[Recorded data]
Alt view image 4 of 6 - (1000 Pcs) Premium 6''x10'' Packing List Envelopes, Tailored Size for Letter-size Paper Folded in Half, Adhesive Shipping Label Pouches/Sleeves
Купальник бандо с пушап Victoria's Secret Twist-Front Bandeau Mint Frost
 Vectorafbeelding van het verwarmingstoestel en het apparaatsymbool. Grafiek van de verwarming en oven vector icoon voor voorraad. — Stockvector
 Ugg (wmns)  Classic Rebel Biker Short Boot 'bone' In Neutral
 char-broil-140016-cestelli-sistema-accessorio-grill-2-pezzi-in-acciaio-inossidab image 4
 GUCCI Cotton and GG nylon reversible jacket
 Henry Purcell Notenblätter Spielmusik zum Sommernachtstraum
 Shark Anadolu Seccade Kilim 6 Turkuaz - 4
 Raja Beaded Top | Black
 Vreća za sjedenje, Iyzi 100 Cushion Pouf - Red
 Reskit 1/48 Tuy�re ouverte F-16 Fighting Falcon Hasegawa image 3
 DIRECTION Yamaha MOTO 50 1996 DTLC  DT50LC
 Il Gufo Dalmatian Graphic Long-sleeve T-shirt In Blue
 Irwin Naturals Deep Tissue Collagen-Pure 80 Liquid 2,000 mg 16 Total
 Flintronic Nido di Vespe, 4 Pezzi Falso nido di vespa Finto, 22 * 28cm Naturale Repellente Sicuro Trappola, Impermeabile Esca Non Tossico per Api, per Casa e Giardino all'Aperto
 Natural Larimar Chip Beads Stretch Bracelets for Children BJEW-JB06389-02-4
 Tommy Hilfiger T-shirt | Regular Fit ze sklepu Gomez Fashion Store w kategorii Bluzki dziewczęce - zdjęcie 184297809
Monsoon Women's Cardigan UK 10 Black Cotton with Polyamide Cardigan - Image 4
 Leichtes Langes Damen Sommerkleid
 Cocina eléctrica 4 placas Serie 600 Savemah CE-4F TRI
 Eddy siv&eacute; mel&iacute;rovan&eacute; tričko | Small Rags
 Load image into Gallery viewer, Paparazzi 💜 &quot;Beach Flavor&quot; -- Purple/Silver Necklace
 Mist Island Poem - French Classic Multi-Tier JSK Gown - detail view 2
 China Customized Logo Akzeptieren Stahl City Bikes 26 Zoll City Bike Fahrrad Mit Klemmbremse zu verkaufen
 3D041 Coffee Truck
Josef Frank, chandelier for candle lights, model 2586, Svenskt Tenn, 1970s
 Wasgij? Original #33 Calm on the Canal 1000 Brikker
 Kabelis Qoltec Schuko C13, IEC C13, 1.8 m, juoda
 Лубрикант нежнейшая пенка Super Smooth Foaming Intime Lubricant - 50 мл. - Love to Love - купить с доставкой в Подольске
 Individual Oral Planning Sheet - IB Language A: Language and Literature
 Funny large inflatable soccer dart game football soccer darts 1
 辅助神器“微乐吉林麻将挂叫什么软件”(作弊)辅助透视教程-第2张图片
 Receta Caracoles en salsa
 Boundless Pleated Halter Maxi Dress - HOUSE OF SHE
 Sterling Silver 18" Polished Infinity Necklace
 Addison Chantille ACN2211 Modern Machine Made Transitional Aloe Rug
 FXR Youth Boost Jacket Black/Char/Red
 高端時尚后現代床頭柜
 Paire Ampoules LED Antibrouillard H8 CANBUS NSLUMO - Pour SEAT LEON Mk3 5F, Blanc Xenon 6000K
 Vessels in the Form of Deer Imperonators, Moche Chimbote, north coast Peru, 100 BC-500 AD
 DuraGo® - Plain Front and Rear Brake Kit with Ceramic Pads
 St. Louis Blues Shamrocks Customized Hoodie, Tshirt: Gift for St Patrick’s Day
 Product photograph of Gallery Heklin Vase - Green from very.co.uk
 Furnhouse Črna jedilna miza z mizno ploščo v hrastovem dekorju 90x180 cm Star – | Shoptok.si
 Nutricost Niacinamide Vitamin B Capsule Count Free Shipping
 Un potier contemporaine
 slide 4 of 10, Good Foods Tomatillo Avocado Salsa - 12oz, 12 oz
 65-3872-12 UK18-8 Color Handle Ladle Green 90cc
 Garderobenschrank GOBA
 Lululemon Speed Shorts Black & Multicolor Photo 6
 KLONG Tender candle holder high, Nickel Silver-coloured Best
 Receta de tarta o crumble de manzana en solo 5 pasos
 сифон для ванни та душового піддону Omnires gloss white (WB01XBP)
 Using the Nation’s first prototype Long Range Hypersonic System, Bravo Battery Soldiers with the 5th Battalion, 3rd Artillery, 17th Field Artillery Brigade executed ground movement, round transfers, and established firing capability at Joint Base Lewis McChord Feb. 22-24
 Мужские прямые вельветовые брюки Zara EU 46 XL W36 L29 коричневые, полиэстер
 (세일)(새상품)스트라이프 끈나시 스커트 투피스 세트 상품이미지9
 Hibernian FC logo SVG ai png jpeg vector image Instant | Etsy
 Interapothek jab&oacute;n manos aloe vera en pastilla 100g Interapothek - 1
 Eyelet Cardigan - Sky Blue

## [Problem to solve]
All of the records above are to be printed again exactly as they appear.

## [Solution to this problem]
Alt view image 4 of 6 - (1000 Pcs) Premium 6''x10'' Packing List Envelopes, Tailored Size for Letter-size Paper Folded in Half, Adhesive Shipping Label Pouches/Sleeves
Купальник бандо с пушап Victoria's Secret Twist-Front Bandeau Mint Frost
 Vectorafbeelding van het verwarmingstoestel en het apparaatsymbool. Grafiek van de verwarming en oven vector icoon voor voorraad. — Stockvector
 Ugg (wmns)  Classic Rebel Biker Short Boot 'bone' In Neutral
 char-broil-140016-cestelli-sistema-accessorio-grill-2-pezzi-in-acciaio-inossidab image 4
 GUCCI Cotton and GG nylon reversible jacket
 Henry Purcell Notenblätter Spielmusik zum Sommernachtstraum
 Shark Anadolu Seccade Kilim 6 Turkuaz - 4
 Raja Beaded Top | Black
 Vreća za sjedenje, Iyzi 100 Cushion Pouf - Red
 Reskit 1/48 Tuy�re ouverte F-16 Fighting Falcon Hasegawa image 3
 DIRECTION Yamaha MOTO 50 1996 DTLC  DT50LC
 Il Gufo Dalmatian Graphic Long-sleeve T-shirt In Blue
 Irwin Naturals Deep Tissue Collagen-Pure 80 Liquid 2,000 mg 16 Total
 Flintronic Nido di Vespe, 4 Pezzi Falso nido di vespa Finto, 22 * 28cm Naturale Repellente Sicuro Trappola, Impermeabile Esca Non Tossico per Api, per Casa e Giardino all'Aperto
 Natural Larimar Chip Beads Stretch Bracelets for Children BJEW-JB06389-02-4
 Tommy Hilfiger T-shirt | Regular Fit ze sklepu Gomez Fashion Store w kategorii Bluzki dziewczęce - zdjęcie 184297809
Monsoon Women's Cardigan UK 10 Black Cotton with Polyamide Cardigan - Image 4
 Leichtes Langes Damen Sommerkleid
 Cocina eléctrica 4 placas Serie 600 Savemah CE-4F TRI
 Eddy siv&eacute; mel&iacute;rovan&eacute; tričko | Small Rags
 Load image into Gallery viewer, Paparazzi 💜 &quot;Beach Flavor&quot; -- Purple/Silver Necklace
 Mist Island Poem - French Classic Multi-Tier JSK Gown - detail view 2
 China Customized Logo Akzeptieren Stahl City Bikes 26 Zoll City Bike Fahrrad Mit Klemmbremse zu verkaufen
 3D041 Coffee Truck
Josef Frank, chandelier for candle lights, model 2586, Svenskt Tenn, 1970s
 Wasgij? Original #33 Calm on the Canal 1000 Brikker
 Kabelis Qoltec Schuko C13, IEC C13, 1.8 m, juoda
 Лубрикант нежнейшая пенка Super Smooth Foaming Intime Lubricant - 50 мл. - Love to Love - купить с доставкой в Подольске
 Individual Oral Planning Sheet - IB Language A: Language and Literature
 Funny large inflatable soccer dart game football soccer darts 1
 辅助神器“微乐吉林麻将挂叫什么软件”(作弊)辅助透视教程-第2张图片
 Receta Caracoles en salsa
 Boundless Pleated Halter Maxi Dress - HOUSE OF SHE
 Sterling Silver 18" Polished Infinity Necklace
 Addison Chantille ACN2211 Modern Machine Made Transitional Aloe Rug
 FXR Youth Boost Jacket Black/Char/Red
 高端時尚后現代床頭柜
 Paire Ampoules LED Antibrouillard H8 CANBUS NSLUMO - Pour SEAT LEON Mk3 5F, Blanc Xenon 6000K
 Vessels in the Form of Deer Imperonators, Moche Chimbote, north coast Peru, 100 BC-500 AD
 DuraGo® - Plain Front and Rear Brake Kit with Ceramic Pads
 St. Louis Blues Shamrocks Customized Hoodie, Tshirt: Gift for St Patrick’s Day
 Product photograph of Gallery Heklin Vase - Green from very.co.uk
 Furnhouse Črna jedilna miza z mizno ploščo v hrastovem dekorju 90x180 cm Star – | Shoptok.si
 Nutricost Niacinamide Vitamin B Capsule Count Free Shipping
 Un potier contemporaine
 slide 4 of 10, Good Foods Tomatillo Avocado Salsa - 12oz, 12 oz
 65-3872-12 UK18-8 Color Handle Ladle Green 90cc
 Garderobenschrank GOBA
 Lululemon Speed Shorts Black & Multicolor Photo 6
 KLONG Tender candle holder high, Nickel Silver-coloured Best
 Receta de tarta o crumble de manzana en solo 5 pasos
 сифон для ванни та душового піддону Omnires gloss white (WB01XBP)
 Using the Nation’s first prototype Long Range Hypersonic System, Bravo Battery Soldiers with the 5th Battalion, 3rd Artillery, 17th Field Artillery Brigade executed ground movement, round transfers, and established firing capability at Joint Base Lewis McChord Feb. 22-24
 Мужские прямые вельветовые брюки Zara EU 46 XL W36 L29 коричневые, полиэстер
 (세일)(새상품)스트라이프 끈나시 스커트 투피스 세트 상품이미지9
 Hibernian FC logo SVG ai png jpeg vector image Instant | Etsy
 Interapothek jab&oacute;n manos aloe vera en pastilla 100g Interapothek - 1
 Eyelet Cardigan - Sky Blue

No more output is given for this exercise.